An exhibition at Boston’s MFA focuses on Ansel Adams, his predecessors, and contemporary photographers inspired by him. It was instructive to see the work of earlier artists, especially Eadward Muybridge and Timothy O’Sullivan. In like fashion, more recent shutterbugs such as Binh Danh, Mark Klett, Catharine Opie, and Victoria Samburnaris have created some interesting offshoots that owe a debt to Adams. But the overwhelming feeling one gets upon seeing the MFA’s high quality prints can be summed by saying, he was Ansel Adams and they were/are not.

I mean no disrespect to anyone who has ever clicked a shutter; it’s simply the case that Adams was to the camera what Segovia was to Spanish guitar. I had the experience of walking into the first gallery and putting my own camera back into its bag. It took me a solid 30 minutes before I overcame the feeling that trying to capture anything I saw would amount to sacrilege. What an amazing body of work from a guy who started with a Brownie box camera.

Adams quickly ditched the Brownie and worked with 8 x 10 full frames, Hasslebads, various 4 x 5s, and an array of 35mm cameras. He was a legendary workhorse—perhaps a holdover from being a hyperactive child—who was known to spend weeks in the darkroom to get a single image that pleased him. Remember, in those days that meant using physical tools to dodge and burn small sections of an image. Speaking of work, the MFA has some home movie footage of Adams and associates hauling heavy equipment through the snow so that he could perch precariously on a ridge and get the shots of Yosemite he imagined. He met his wife, Virginia Best, on an outing to Yosemite, but one is tempted to engage in cheap psychology and assert that the park was actually the love of his life. He certainly spent much of his time shooting it, working with (or in opposition to) the National Park Service (NPS), and writing about Yosemite’s glories. He was a member of the Sierra Club and was an environmentalist long before that term came into vogue.
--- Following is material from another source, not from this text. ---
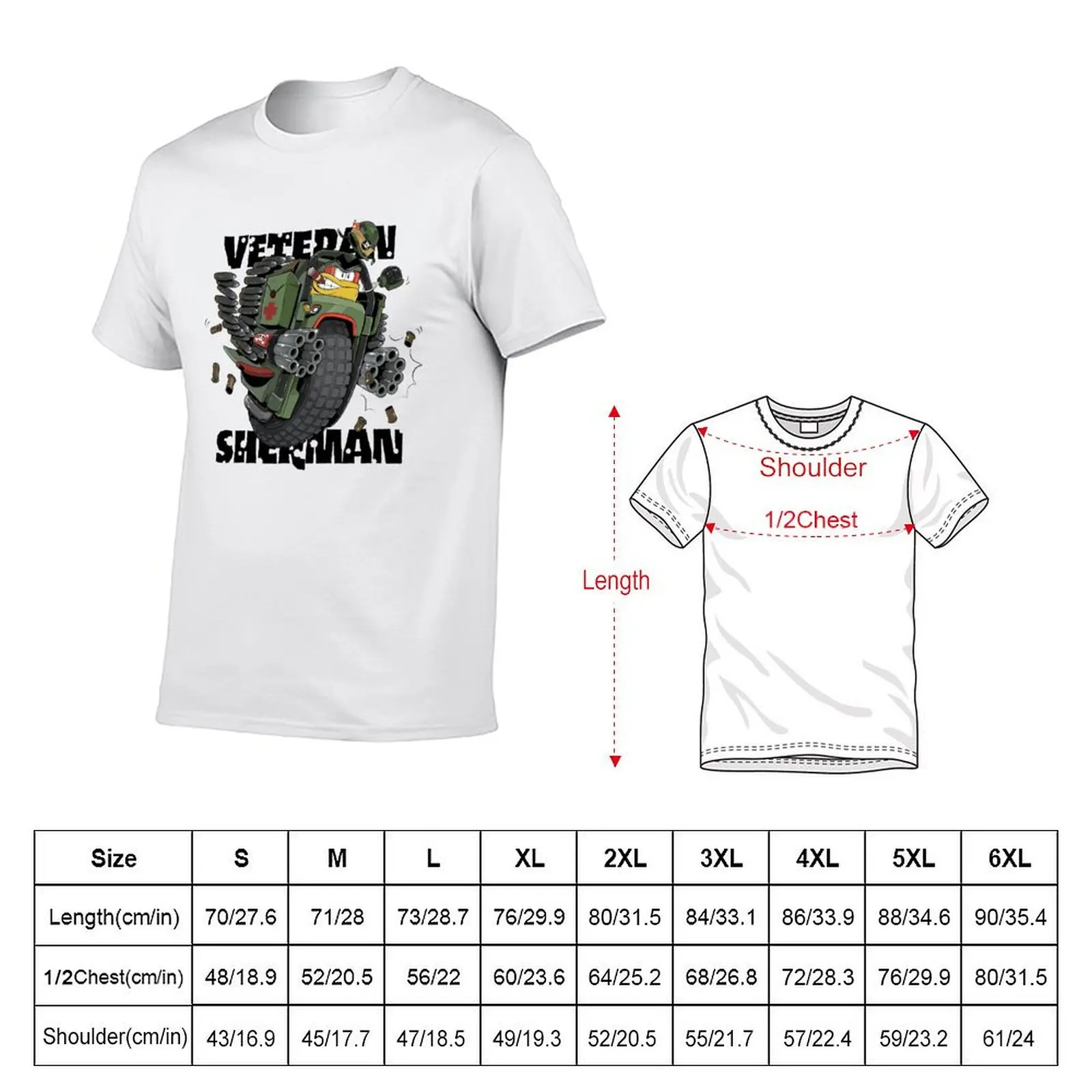Veteran Sherman T-Shirt t shirt personalised t shirt man plain cotton tshirt 100% T-Shirt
There are certain Adams images that have been endlessly reproduced, such as his Half Dome at Yosemite shots. Others in this category include images he took of the Manzanar Relocation Camp, his portrait of Orville Cox and Georgia O’Keeffe (1937), “Moonrise, Hernandez, New Mexico” (1941), “The Tetons and the Snake River” (1942), and “Evening, McDonald Lake, Glacier National Park” (1942). When you see these printed in large formats, you feel as if you are really seeing these for the first time. Take “Moonrise,” for instance. We have long known that it is a masterwork in tonality–and Adams pioneered a zone system for getting those tones–but we also see in much greater detail that Hernandez, New Mexico, is a windblown collection of hardscrabble farming and poverty.


Adams intended us to see the injustices of Manzanar and the despair of Hernandez. When he was four, an earthquake shook his parents home in the San Francisco Bay. Adams was thrown to the ground and broke his nose. As he joked thereafter, from that point on he, like his nose, leaned to the left. We seldom see Adams’ more political wok. The MFA has an Adams image of a political campaign handbill juxtaposed with a circus poster, a wry reminder that during and after the Great Depression, he was leery of mainstream politicians. Later in his life, Adams took photographs of freeways and interstate highways. These images are at once eye-popping in their geometric symmetry, we also see how all of this was out of sync with Adams’ desire to preserve mature. He often criticized the NPS for what he called its “resortism” approach to national parks.


If I had to pick a single Adams nature picture as my favorite, it would be “The Tetons and the Snake River,” not one of his Yosemite images. Apparently others think so as well, as its one of the 150 images aboard the Voyager space probe. It sent me on a journey of my own as I stood before it. I think it’s as close to a perfect shot of natural beauty and awe as humankind can render on film. I literally gasped when I saw it.

Move heaven and earth to see this show before it closes on February 24. By the way, I too started with a Brownie camera. He's Ansel Adams and I'm not!